Dataset excerpts:
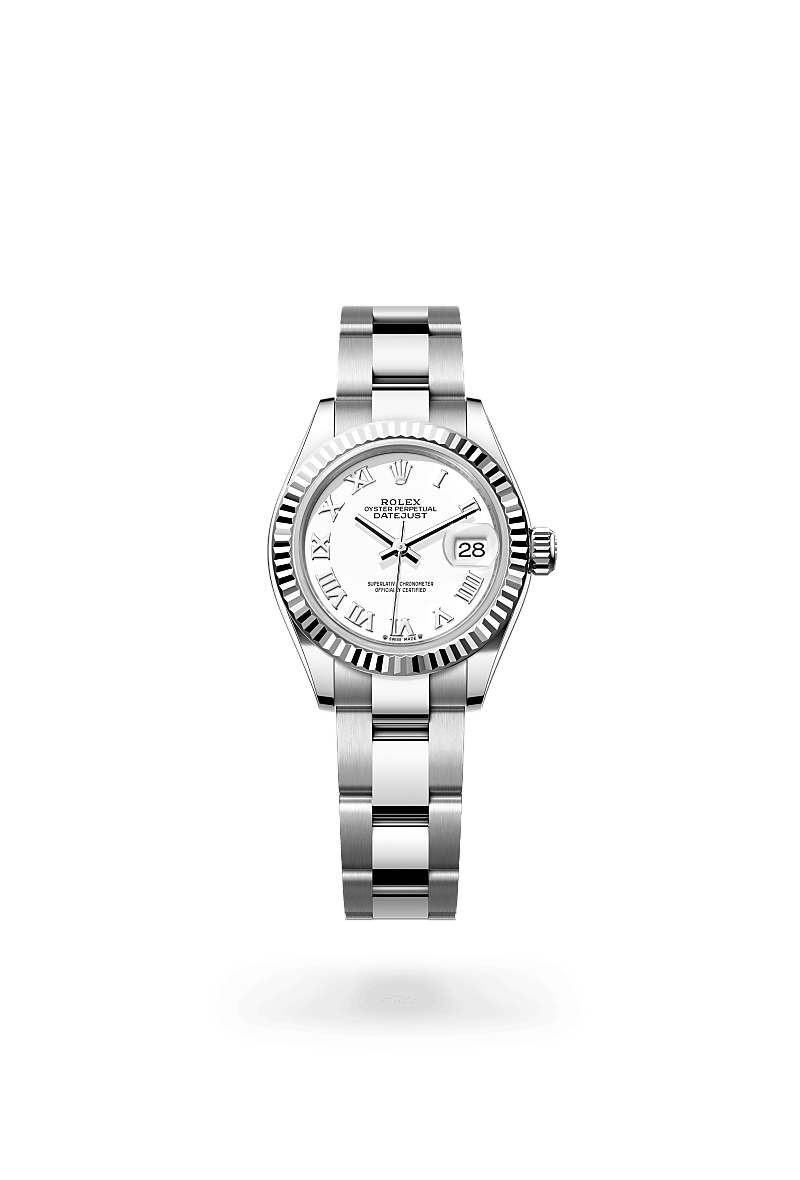 Rolex Lady-Datejust腕錶白色黃金鋼（蠔式鋼與白色黃金的組合）款，M279174-0020* - 時美齋鐘錶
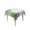 Green, variant on St. Patrick's Rectangle Tablecloth, Luck Shamrock Eucalyptus Leaves Flowers Beige Waterproof & StainResistant Tablecloth, Washable Oil-proof Table Cover for Dining/Party/Wedding/Buffet 60x102 In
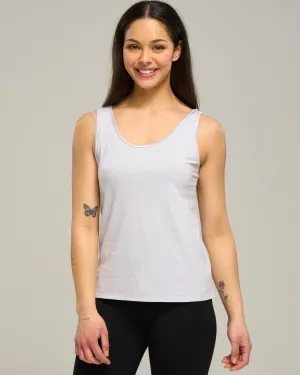 SUPIMA COTTON SATIN TANK TOP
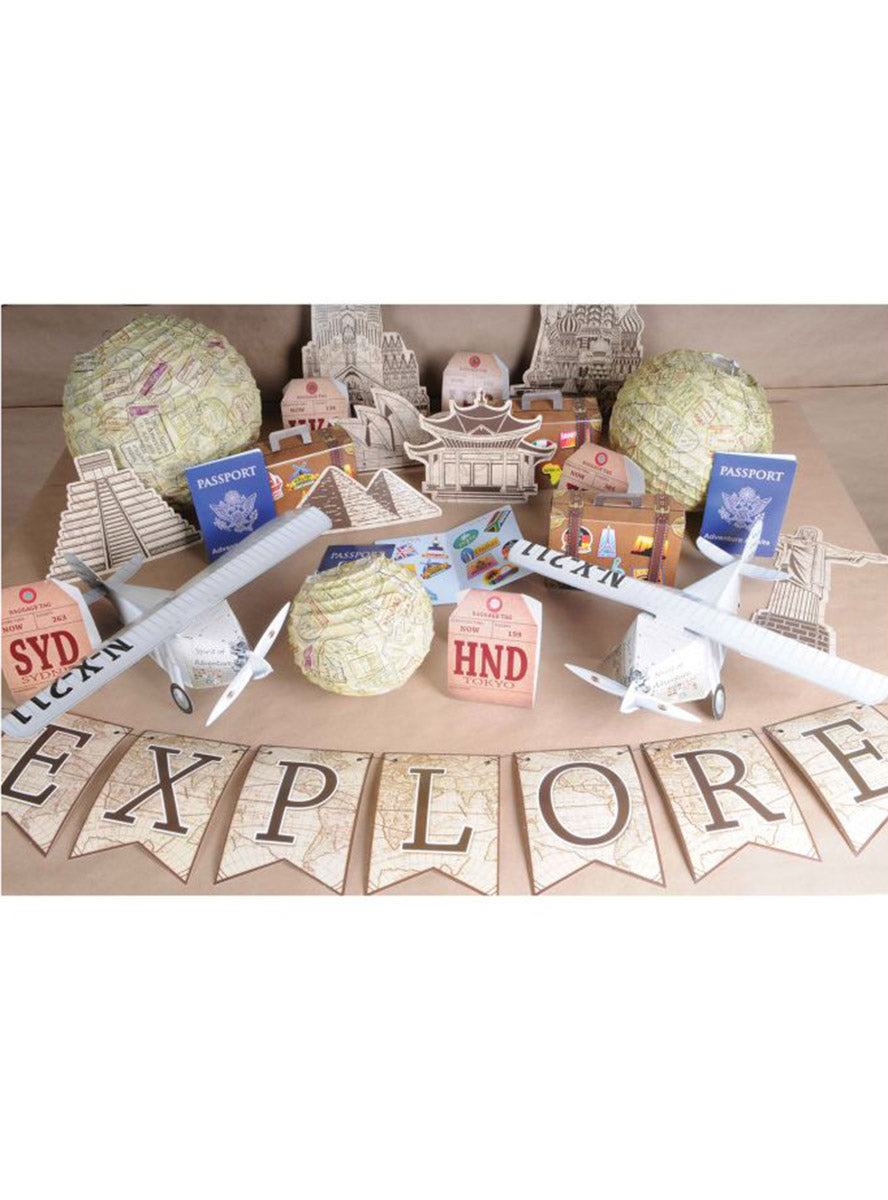 World Landmark Cut Out Decorations - Lifestyle Image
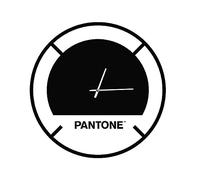 Pantone by Homemania PWATCH0129005 Reloj Drive In, Negro/Blanco, Metal, 40 x 0,15 x 40 cm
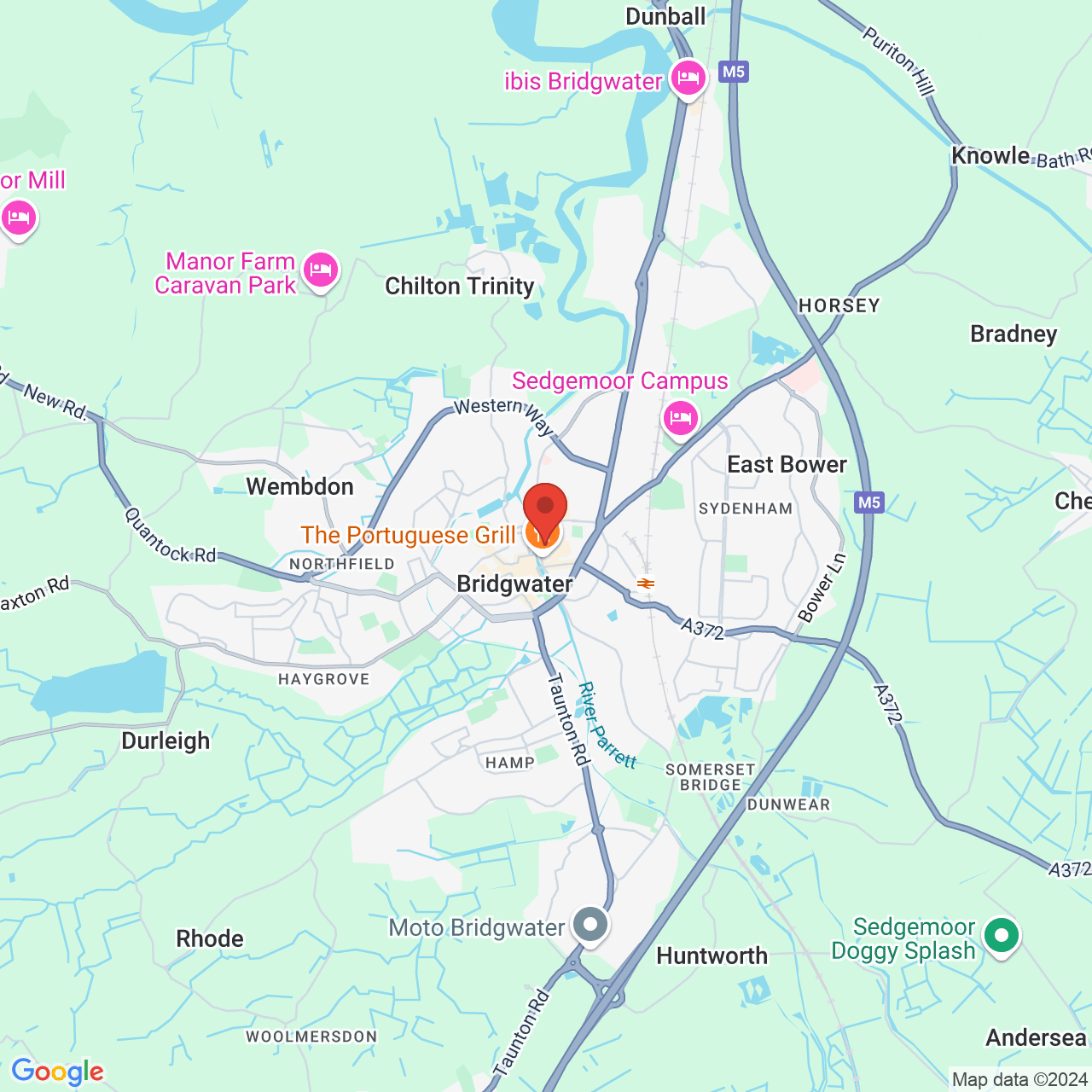 Map displaying vacancy location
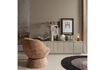 Miniature Fauteuil pivotant en chenille naturel SHUFFLE 3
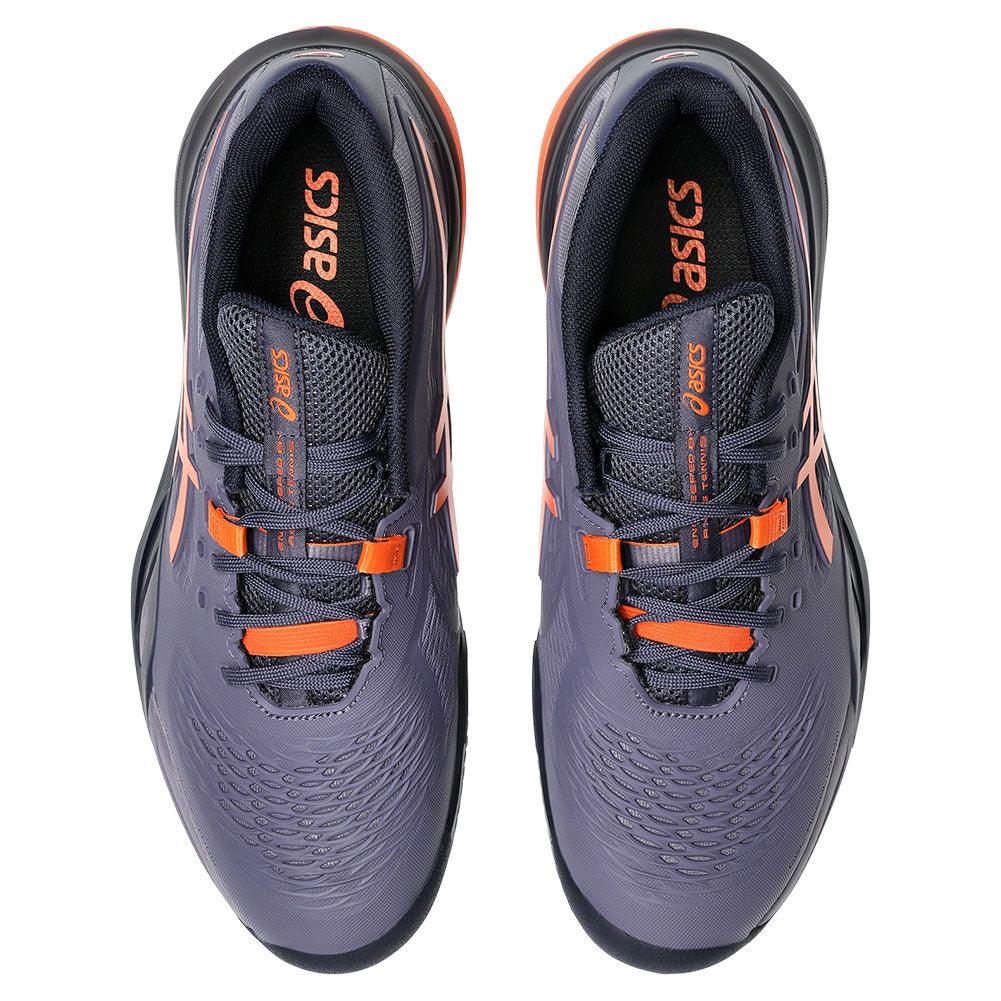 Men`s GEL-Resolution X Clay Tennis Shoes Greyish Purple and Nova Orange ASICS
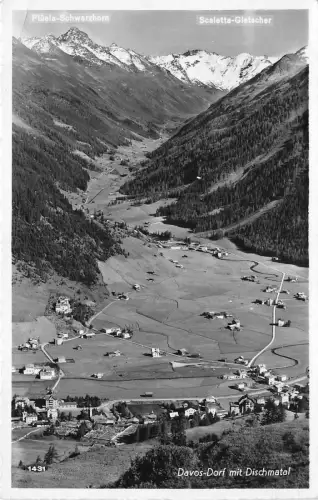 uk42732 davos dorf mit dischmatal switzerland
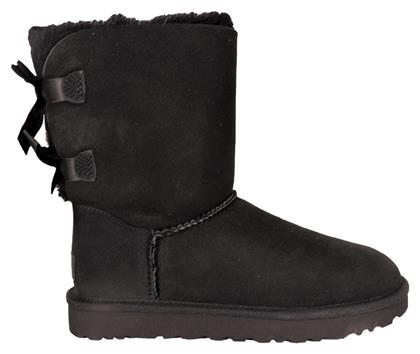 Bailey Bow II Suede Γυναικείες Μπότες Χιονιού με Γούνα Μαύρες Ugg Australia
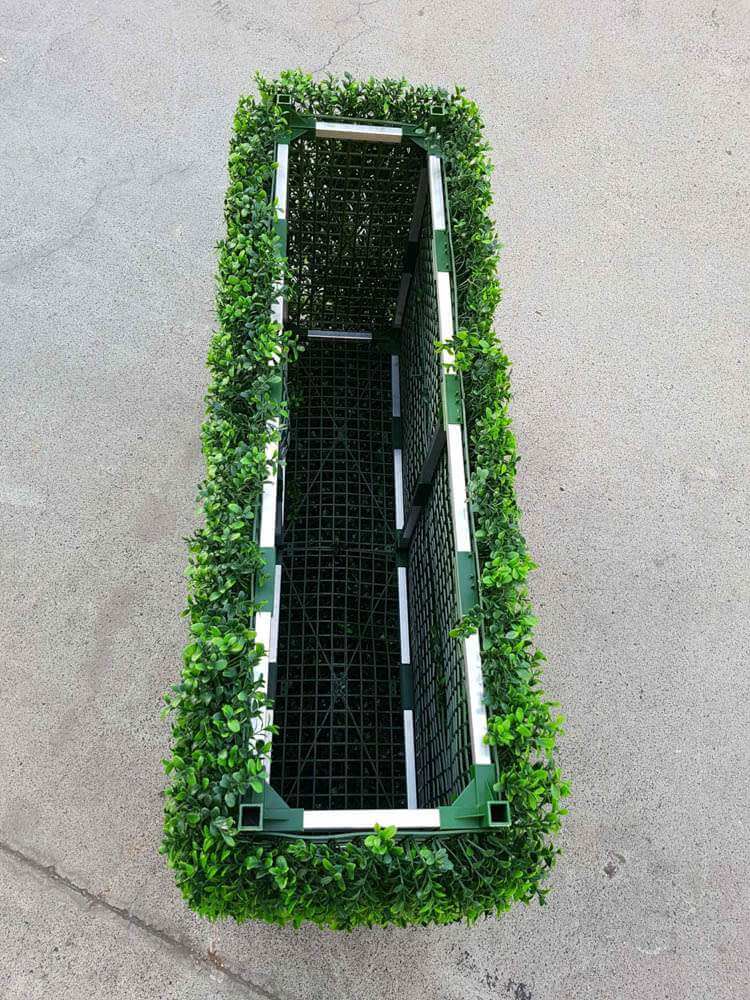 Luxury Deluxe Portable Buxus (Bright) UV Resistant 100cm Long x 50cm High x 25cm Wide V637-DP1017404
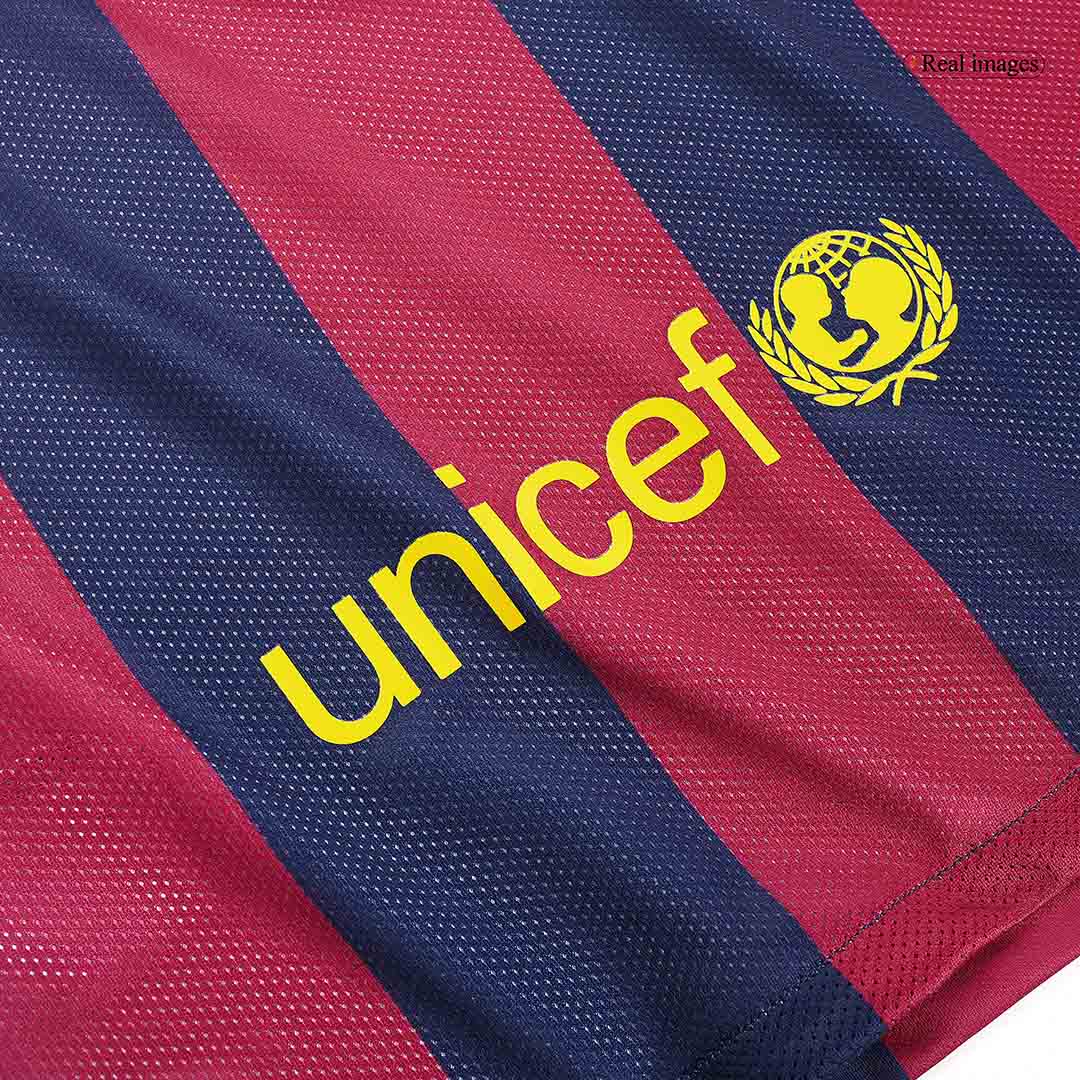 Barcelona SUÁREZ #9 Home Soccer Jersey Retro 2014/15 - gojersey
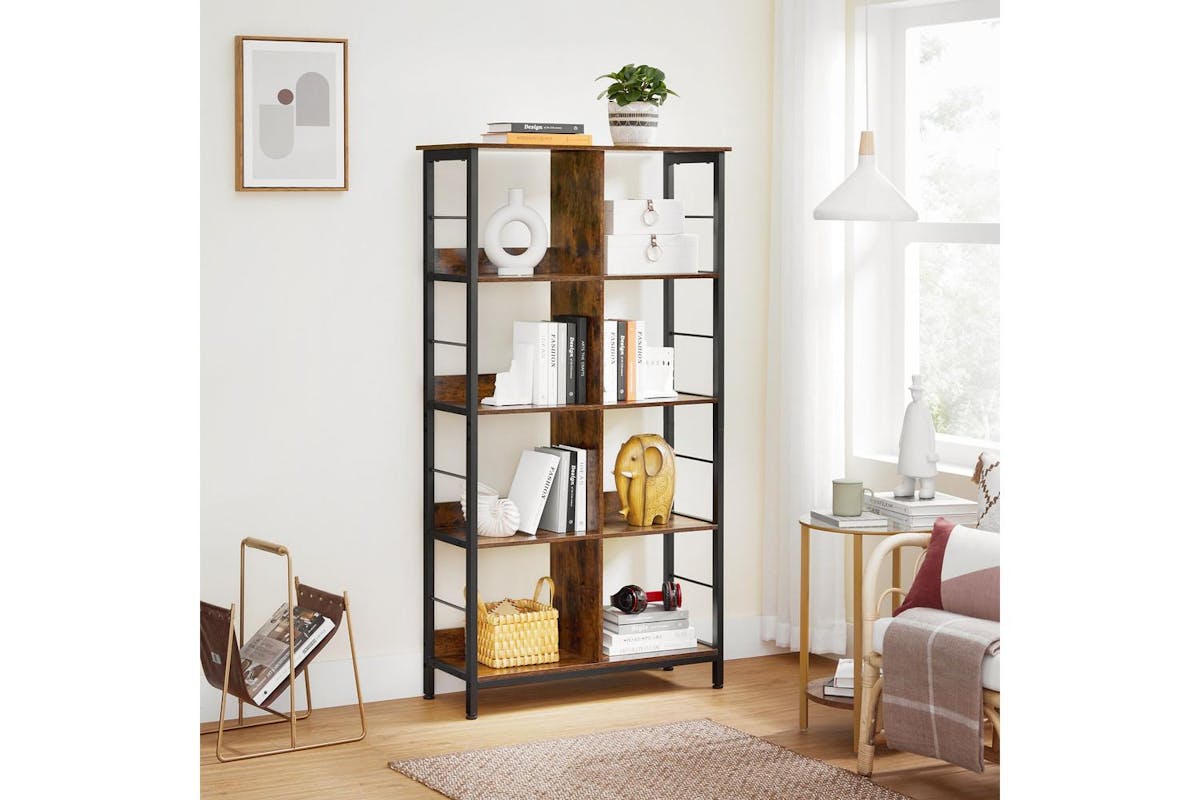 Vasagle Bookcase | Bookcase | Particleboard And Steel | 80 X 33 X 149 Cm-2
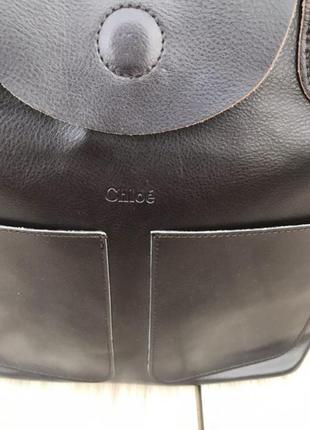 Кожаная сумка chloe стильная актуальная тренд3 фото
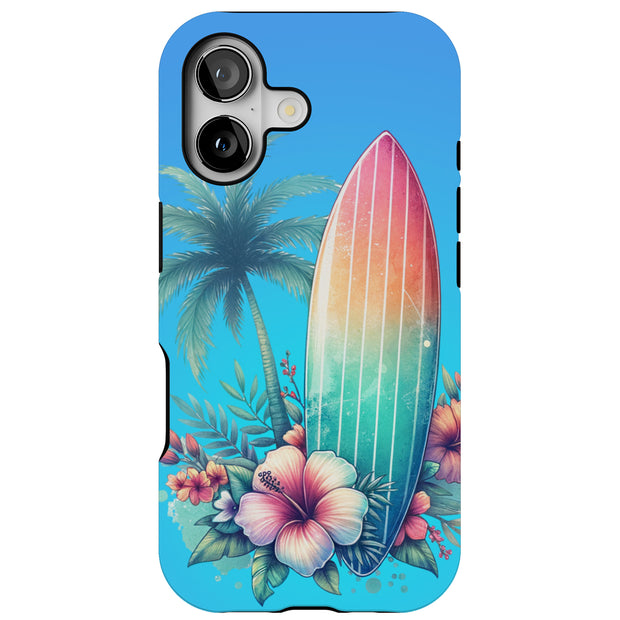 Surf Board 2 Tough Cases For Apple iPhone (17, 16, 15, 14, 13, 12, 11, X, SE, 8, 7/ Air, Plus, Pro, Max, Mini, XR, XS), Print in USA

PROMPT: Only the lines from the one containing "Luxury Deluxe Portable" through the last line of the entries belong in the answer, given again exactly. Images stay out.

EXPECTED ANSWER:
 Luxury Deluxe Portable Buxus (Bright) UV Resistant 100cm Long x 50cm High x 25cm Wide V637-DP1017404
 Barcelona SUÁREZ #9 Home Soccer Jersey Retro 2014/15 - gojersey
 Vasagle Bookcase | Bookcase | Particleboard And Steel | 80 X 33 X 149 Cm-2
 Кожаная сумка chloe стильная актуальная тренд3 фото
 Surf Board 2 Tough Cases For Apple iPhone (17, 16, 15, 14, 13, 12, 11, X, SE, 8, 7/ Air, Plus, Pro, Max, Mini, XR, XS), Print in USA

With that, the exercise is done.